## PROBLEM DETAILS
Print all the data below exactly, without images.

## DATA PROVIDED
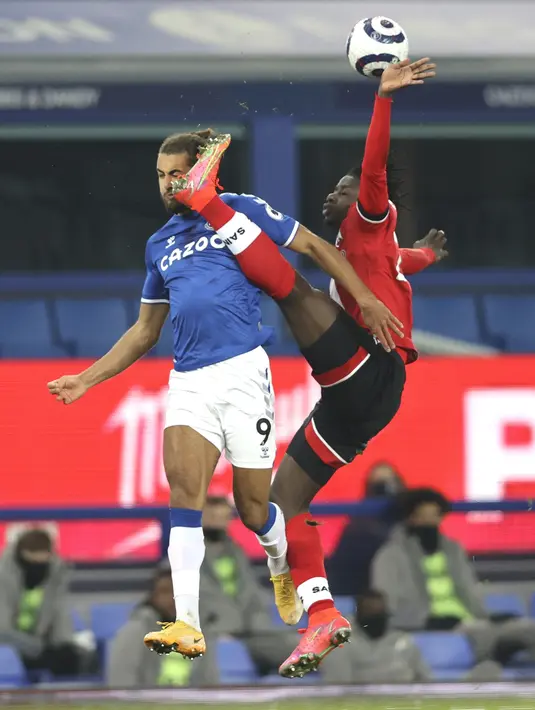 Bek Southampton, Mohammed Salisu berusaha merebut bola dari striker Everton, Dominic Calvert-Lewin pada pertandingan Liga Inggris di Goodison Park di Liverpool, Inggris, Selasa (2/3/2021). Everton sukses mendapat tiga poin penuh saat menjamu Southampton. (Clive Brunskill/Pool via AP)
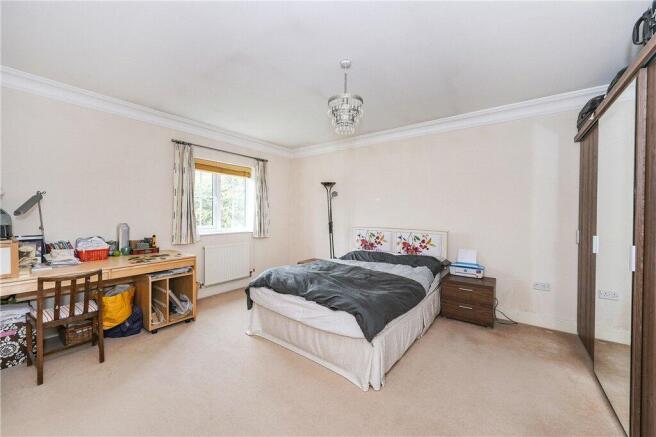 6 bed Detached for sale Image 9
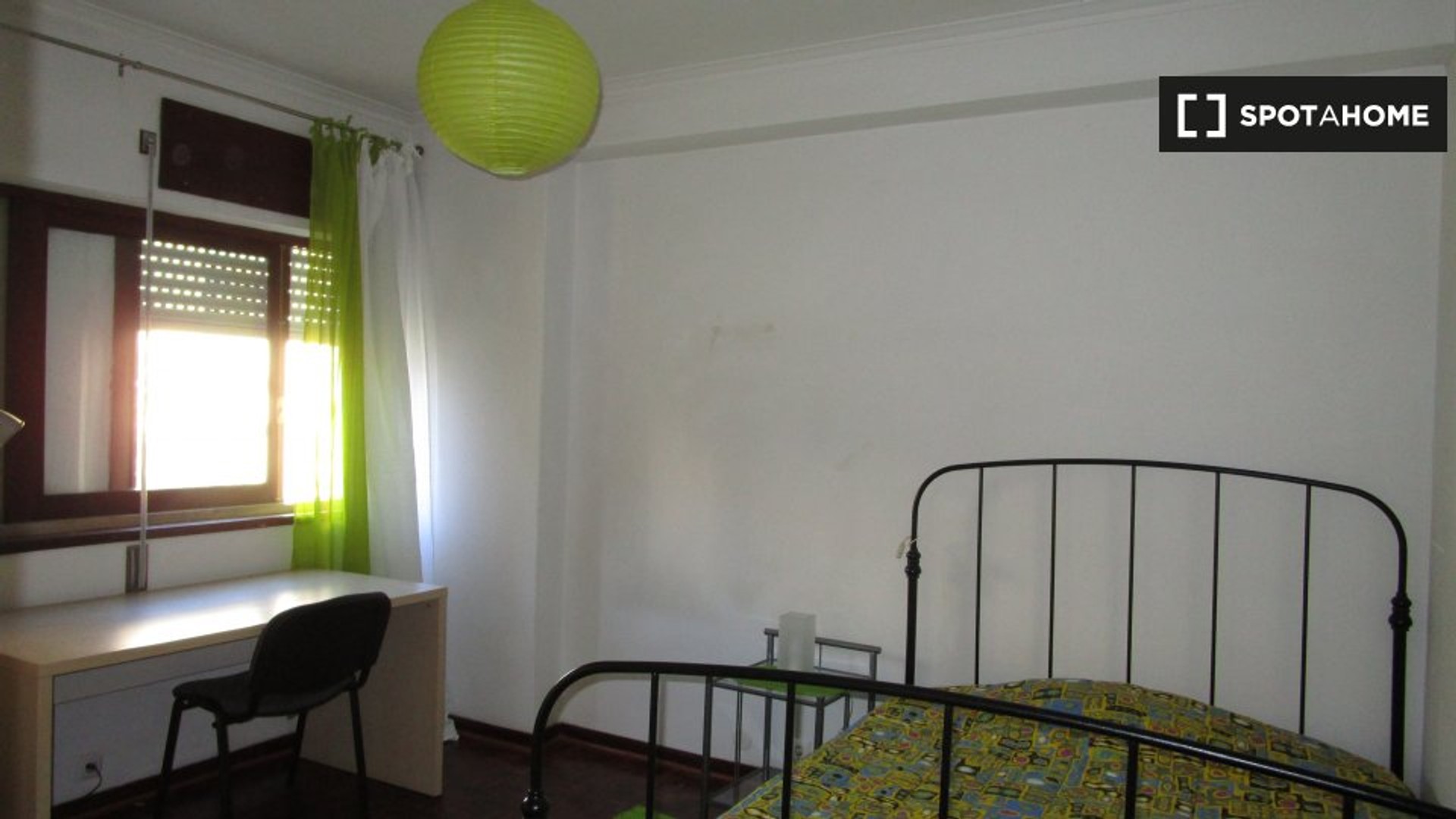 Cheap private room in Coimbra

## THE ANSWER
 Bek Southampton, Mohammed Salisu berusaha merebut bola dari striker Everton, Dominic Calvert-Lewin pada pertandingan Liga Inggris di Goodison Park di Liverpool, Inggris, Selasa (2/3/2021). Everton sukses mendapat tiga poin penuh saat menjamu Southampton. (Clive Brunskill/Pool via AP)
 6 bed Detached for sale Image 9
 Cheap private room in Coimbra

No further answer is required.